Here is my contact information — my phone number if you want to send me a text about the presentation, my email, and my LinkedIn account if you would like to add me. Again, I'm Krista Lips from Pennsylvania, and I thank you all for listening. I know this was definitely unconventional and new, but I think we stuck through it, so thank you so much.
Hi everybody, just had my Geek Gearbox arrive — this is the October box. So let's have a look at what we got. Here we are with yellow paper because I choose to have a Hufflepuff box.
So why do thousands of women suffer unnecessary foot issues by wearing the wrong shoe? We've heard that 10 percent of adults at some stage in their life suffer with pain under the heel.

--

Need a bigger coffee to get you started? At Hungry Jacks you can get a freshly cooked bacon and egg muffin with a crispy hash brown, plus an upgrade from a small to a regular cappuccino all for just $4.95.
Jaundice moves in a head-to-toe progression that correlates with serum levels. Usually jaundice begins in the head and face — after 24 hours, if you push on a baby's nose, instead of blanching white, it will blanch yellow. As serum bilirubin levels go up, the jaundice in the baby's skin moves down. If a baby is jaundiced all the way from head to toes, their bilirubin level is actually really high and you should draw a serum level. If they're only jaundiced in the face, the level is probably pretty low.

==

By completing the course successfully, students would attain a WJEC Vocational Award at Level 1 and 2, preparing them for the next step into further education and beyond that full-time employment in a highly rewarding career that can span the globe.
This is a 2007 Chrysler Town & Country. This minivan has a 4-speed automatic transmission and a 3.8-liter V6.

▶ _TASK ITEM_
Please transcribe exactly the lines above from the line that has "By completing the" up to and including the line that has "This is a 2007"; no other line belongs in the answer.

▶ _ANSWER FOR THIS EXERCISE_
By completing the course successfully, students would attain a WJEC Vocational Award at Level 1 and 2, preparing them for the next step into further education and beyond that full-time employment in a highly rewarding career that can span the globe.
This is a 2007 Chrysler Town & Country. This minivan has a 4-speed automatic transmission and a 3.8-liter V6.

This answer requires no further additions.